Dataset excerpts
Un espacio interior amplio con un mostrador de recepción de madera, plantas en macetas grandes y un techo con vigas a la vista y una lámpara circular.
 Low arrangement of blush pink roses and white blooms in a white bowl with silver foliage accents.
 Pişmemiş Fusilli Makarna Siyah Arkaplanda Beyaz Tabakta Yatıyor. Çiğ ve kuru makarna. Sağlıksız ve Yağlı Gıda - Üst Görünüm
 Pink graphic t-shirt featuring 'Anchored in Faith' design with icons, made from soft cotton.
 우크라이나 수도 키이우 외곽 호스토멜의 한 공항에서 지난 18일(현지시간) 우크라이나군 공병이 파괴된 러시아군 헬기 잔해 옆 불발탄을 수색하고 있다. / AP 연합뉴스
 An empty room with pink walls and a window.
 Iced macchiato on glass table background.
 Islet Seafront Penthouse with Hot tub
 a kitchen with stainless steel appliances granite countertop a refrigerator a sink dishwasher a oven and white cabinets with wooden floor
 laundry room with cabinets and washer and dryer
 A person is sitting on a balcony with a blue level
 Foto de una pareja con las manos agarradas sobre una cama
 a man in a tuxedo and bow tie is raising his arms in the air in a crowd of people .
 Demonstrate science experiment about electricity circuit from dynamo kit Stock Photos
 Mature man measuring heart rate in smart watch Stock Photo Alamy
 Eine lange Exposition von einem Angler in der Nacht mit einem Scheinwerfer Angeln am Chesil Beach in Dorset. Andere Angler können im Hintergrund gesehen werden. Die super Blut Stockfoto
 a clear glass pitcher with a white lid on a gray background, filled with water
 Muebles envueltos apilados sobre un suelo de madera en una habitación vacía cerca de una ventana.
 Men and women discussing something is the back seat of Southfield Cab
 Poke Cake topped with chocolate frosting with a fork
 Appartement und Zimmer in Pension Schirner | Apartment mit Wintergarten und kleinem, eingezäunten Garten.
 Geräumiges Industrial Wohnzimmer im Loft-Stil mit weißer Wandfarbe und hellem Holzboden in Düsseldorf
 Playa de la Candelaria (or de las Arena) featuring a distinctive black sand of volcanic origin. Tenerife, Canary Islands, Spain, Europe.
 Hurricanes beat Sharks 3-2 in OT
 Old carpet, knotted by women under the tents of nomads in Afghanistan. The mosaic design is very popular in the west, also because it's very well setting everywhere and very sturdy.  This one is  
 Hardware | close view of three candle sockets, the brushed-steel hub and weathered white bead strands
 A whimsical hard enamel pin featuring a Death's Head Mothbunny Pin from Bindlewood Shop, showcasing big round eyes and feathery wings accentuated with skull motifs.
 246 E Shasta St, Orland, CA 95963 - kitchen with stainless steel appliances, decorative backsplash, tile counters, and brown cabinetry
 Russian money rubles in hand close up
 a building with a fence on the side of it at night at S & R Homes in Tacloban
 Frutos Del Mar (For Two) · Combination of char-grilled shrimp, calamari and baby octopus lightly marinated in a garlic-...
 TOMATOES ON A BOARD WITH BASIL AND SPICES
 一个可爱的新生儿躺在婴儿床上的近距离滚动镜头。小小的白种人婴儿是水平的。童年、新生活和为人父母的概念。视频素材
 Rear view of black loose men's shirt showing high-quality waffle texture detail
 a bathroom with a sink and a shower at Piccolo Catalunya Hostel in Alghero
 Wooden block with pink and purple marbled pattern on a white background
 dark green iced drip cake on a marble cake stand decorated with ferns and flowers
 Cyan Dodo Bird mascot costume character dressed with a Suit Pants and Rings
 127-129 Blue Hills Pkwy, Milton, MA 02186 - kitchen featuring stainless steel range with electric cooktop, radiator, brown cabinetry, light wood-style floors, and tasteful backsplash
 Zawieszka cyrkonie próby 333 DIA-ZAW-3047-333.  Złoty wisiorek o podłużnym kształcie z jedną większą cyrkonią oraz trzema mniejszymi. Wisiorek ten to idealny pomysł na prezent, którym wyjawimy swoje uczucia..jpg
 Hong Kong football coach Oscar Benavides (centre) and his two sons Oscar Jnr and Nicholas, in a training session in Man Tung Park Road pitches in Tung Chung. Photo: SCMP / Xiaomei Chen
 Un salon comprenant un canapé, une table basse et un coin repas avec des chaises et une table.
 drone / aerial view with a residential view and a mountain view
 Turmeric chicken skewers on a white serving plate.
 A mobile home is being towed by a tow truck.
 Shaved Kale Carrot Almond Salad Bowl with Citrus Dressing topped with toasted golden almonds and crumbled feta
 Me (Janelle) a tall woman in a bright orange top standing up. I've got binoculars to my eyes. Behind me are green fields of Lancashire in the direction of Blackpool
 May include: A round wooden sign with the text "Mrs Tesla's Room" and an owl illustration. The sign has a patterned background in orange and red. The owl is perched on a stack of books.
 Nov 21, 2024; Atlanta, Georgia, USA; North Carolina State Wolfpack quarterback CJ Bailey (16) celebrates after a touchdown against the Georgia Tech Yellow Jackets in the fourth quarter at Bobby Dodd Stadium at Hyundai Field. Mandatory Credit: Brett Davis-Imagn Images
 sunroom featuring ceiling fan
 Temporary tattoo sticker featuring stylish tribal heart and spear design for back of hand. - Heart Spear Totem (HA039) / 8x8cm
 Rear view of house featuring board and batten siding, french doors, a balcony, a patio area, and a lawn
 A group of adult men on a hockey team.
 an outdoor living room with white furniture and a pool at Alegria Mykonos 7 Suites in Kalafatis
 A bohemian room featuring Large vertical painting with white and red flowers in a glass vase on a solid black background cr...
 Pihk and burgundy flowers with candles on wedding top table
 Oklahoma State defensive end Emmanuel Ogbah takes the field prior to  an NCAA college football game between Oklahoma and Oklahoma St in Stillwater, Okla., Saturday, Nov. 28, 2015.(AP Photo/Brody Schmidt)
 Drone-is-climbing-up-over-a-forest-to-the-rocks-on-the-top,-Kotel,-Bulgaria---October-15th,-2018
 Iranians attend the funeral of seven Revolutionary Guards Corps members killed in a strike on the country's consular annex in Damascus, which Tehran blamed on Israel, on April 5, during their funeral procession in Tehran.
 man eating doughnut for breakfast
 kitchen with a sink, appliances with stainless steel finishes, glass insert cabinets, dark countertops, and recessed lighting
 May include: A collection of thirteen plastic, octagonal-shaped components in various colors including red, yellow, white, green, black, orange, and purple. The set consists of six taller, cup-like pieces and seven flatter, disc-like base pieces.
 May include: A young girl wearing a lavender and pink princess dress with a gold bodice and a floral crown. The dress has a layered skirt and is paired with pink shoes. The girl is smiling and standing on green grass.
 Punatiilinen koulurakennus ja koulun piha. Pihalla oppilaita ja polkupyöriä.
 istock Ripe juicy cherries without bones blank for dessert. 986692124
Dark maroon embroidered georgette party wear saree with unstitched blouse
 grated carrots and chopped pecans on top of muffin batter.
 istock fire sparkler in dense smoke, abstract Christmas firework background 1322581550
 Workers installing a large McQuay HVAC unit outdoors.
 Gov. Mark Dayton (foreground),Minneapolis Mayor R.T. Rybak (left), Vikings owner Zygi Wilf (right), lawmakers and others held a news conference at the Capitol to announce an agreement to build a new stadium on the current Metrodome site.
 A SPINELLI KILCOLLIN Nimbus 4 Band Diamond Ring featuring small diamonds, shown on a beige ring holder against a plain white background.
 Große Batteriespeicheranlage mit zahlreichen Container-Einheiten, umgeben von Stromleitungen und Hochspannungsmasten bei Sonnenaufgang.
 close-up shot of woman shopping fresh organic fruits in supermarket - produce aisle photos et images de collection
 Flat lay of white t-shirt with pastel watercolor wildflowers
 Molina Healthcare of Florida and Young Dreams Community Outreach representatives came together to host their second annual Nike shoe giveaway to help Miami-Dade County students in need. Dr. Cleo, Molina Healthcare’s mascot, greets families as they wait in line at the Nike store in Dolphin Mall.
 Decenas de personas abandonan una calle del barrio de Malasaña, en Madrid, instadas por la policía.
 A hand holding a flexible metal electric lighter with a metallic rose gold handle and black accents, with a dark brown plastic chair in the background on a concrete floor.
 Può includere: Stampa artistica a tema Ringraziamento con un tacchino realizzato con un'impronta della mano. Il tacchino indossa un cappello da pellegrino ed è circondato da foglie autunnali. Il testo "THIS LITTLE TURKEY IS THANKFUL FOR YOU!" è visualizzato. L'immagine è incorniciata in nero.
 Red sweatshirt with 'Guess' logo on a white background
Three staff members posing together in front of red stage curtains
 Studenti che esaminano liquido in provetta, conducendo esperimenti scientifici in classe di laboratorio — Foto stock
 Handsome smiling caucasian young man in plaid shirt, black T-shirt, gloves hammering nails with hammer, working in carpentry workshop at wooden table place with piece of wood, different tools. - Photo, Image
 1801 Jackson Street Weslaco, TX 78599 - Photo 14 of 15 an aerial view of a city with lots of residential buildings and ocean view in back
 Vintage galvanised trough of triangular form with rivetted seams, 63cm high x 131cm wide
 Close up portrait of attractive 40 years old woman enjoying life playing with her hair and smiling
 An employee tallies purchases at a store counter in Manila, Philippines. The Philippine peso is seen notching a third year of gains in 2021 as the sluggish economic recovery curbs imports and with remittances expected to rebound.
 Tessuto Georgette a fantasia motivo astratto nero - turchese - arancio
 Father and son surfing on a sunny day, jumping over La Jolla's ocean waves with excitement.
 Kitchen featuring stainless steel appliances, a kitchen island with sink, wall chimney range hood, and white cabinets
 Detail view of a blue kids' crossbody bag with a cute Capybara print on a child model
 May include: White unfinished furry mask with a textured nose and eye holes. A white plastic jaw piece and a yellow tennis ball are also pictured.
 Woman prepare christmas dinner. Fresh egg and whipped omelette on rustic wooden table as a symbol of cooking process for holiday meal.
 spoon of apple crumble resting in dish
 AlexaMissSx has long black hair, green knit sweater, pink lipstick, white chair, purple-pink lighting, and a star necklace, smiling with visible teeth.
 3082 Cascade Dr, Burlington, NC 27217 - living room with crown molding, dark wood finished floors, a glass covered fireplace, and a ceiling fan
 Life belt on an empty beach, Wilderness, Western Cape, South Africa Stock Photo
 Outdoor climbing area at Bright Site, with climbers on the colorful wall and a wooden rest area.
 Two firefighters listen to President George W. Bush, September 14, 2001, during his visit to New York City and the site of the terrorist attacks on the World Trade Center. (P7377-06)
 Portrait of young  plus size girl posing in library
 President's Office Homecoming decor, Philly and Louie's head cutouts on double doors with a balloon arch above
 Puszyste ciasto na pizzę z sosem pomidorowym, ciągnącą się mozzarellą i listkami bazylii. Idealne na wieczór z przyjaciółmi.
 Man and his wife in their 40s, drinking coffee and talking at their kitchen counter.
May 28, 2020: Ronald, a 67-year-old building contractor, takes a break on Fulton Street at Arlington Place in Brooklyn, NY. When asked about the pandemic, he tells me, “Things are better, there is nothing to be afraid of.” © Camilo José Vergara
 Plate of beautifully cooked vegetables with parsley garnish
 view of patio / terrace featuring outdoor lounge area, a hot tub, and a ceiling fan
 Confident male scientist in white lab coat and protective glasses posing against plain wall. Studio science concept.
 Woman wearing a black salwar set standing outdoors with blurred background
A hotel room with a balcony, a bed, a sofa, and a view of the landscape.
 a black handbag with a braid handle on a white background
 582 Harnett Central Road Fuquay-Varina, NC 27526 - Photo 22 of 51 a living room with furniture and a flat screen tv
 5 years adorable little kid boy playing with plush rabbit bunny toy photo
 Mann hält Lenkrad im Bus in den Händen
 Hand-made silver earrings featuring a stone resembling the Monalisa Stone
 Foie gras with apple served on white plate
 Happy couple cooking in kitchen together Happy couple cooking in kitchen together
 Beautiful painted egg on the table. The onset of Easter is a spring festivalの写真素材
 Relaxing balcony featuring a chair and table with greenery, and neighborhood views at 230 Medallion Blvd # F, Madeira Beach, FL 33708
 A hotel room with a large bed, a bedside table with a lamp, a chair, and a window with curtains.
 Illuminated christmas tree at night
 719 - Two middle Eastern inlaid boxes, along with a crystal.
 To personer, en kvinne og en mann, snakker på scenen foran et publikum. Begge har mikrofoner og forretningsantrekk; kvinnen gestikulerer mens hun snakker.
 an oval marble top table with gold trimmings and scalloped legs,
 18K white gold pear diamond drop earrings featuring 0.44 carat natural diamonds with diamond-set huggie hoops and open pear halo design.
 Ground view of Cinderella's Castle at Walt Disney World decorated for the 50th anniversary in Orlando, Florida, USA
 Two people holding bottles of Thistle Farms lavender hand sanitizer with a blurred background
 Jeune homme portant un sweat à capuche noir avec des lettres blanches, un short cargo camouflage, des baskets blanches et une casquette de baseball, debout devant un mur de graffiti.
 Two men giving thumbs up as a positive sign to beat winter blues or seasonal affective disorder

WORK ORDER: Each line of the data in which the string "kitchen" appears needs to be copied.

ANSWER FOR THIS EXERCISE:
 a kitchen with stainless steel appliances granite countertop a refrigerator a sink dishwasher a oven and white cabinets with wooden floor
 246 E Shasta St, Orland, CA 95963 - kitchen with stainless steel appliances, decorative backsplash, tile counters, and brown cabinetry
 127-129 Blue Hills Pkwy, Milton, MA 02186 - kitchen featuring stainless steel range with electric cooktop, radiator, brown cabinetry, light wood-style floors, and tasteful backsplash
 kitchen with a sink, appliances with stainless steel finishes, glass insert cabinets, dark countertops, and recessed lighting
 Kitchen featuring stainless steel appliances, a kitchen island with sink, wall chimney range hood, and white cabinets
 Man and his wife in their 40s, drinking coffee and talking at their kitchen counter.
 Happy couple cooking in kitchen together Happy couple cooking in kitchen together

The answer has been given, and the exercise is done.